By Megan Taylor
Two Saturdays ago, I went to Immaculate Conception Church on Gun Hill Road to witness and report about the NYPD’s gun buy-back program. NYPD asked me and several other members of the press who showed up to leave, saying our presence would discourage people from turning in their guns.
I decided to make the most of the situation, and spent the next few hours talking to people I met around Gun Hill Road and Jerome Avenue. I wanted to know if people in the community thought the program would reduce gun violence.
Out of more than 20 people I spoke with, the majority hadn't heard about the program, despite efforts by Bronx District Attorney Robert Johnson, NYPD, churches and the New York State Federation of Taxi Drivers to publicize the program. Almost everyone thought the program, which ended up taking 987 guns off Bronx streets, was a wasted effort. A minority were optimistic about its effects.
One man, after repeatedly stating that he didn't own a gun, also said that he didn't think the program would help reduce crime in the Bronx.
“Times are hard and people are getting hungry. People will use their guns to get money. I don't think the gangs will turn in their guns. They [NYPD] say no questions asked but I don't believe that.”
Nestor Cruz, who works at the A&O Surgical Supply store on Gun Hill Road was optimistic. He had heard of the program, and thinks every little effort will help.

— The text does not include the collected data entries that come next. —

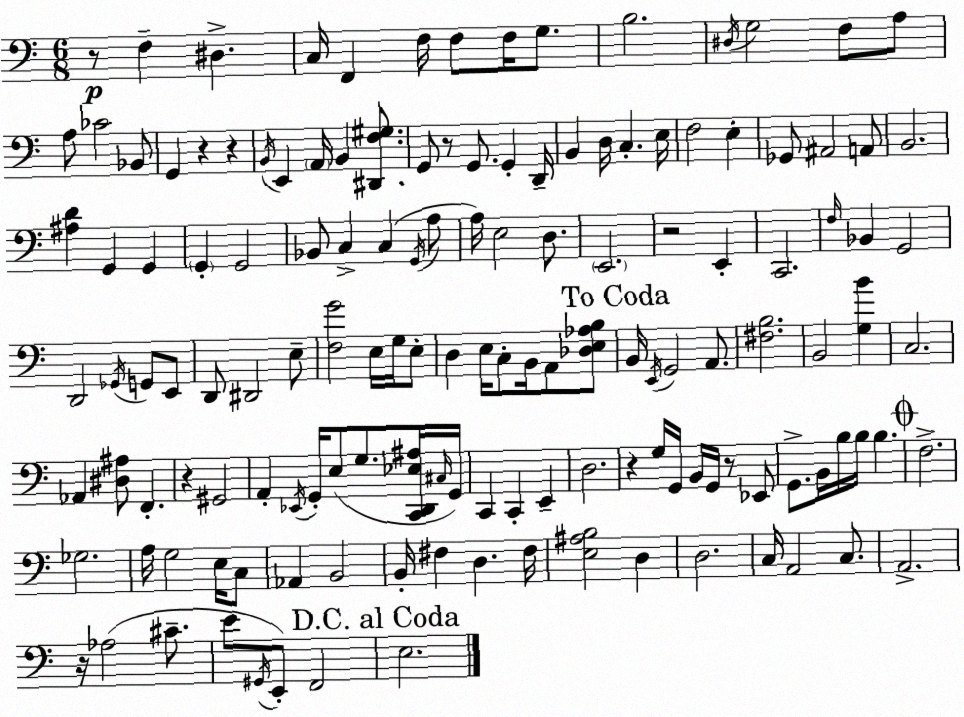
X:1
T:Untitled
M:6/8
L:1/4
K:Am
z/2 F, ^D, C,/4 F,, F,/4 F,/2 F,/4 G,/2 B,2 ^D,/4 G,2 F,/2 A,/2 A,/2 _C2 _B,,/2 G,, z z B,,/4 E,, A,,/4 B,, [^D,,F,^G,]/2 G,,/2 z/2 G,,/2 G,, D,,/4 B,, D,/4 C, E,/4 F,2 E, _G,,/2 ^A,,2 A,,/2 B,,2 [^A,D] G,, G,, G,, G,,2 _B,,/2 C, C, G,,/4 A,/2 A,/4 E,2 D,/2 E,,2 z2 E,, C,,2 F,/4 _B,, G,,2 D,,2 _G,,/4 G,,/2 E,,/2 D,,/2 ^D,,2 E,/2 [F,G]2 E,/4 G,/4 E,/2 D, E,/4 C,/2 B,,/4 A,,/2 [_D,E,_A,B,]/2 B,,/4 E,,/4 G,,2 A,,/2 [^F,B,]2 B,,2 [G,B] C,2 _A,, [^D,^A,]/2 F,, z ^G,,2 A,, _E,,/4 G,,/4 E,/2 G,/2 [C,,D,,_E,^A,]/4 ^C,/4 G,,/4 C,, C,, E,, D,2 z G,/4 G,,/4 B,,/4 G,,/4 z/2 _E,,/2 G,,/2 B,,/4 B,/4 B,/4 B, F,2 _G,2 A,/4 G,2 E,/4 C,/2 _A,, B,,2 B,,/4 ^F, D, ^F,/4 [E,^A,B,]2 D, D,2 C,/4 A,,2 C,/2 A,,2 z/4 _A,2 ^C/2 E/2 ^G,,/4 E,,/2 F,,2 E,2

“I think it will be effective. It depends on the area. A lot of people don't want to get rid of their guns depending on where they live, if they have a family.”
I met AJ outside a T-Mobile store.
“I could bring you to a spot where you could buy a gun right now. Guns are easier to get than weed. I could show you a 12-year-old that has a gun. It's [the gun buy-back program] as ineffective as Crime Stoppers (the NYPD’s crime anonymous crime hotline) and the D.A.R.E. (the youth anti-drug campaign) program. I don't think the recession will get people to turn in their guns, when they can go rob two people and make more money.”
Shamsuddin A. Abdul-Hakim Bey, a mental health counseling student, thought that people with prior records and people who were afraid that they were putting their loved ones in danger by owning a gun would be the most likely to turn in their guns. Bey cited paranoia about the police as a deterrent to people turning in their guns.
So what is the solution to gun violence in the Bronx? Crime goes down a little every year, but the weekend of buy-back program there were 13 shootings in the borough.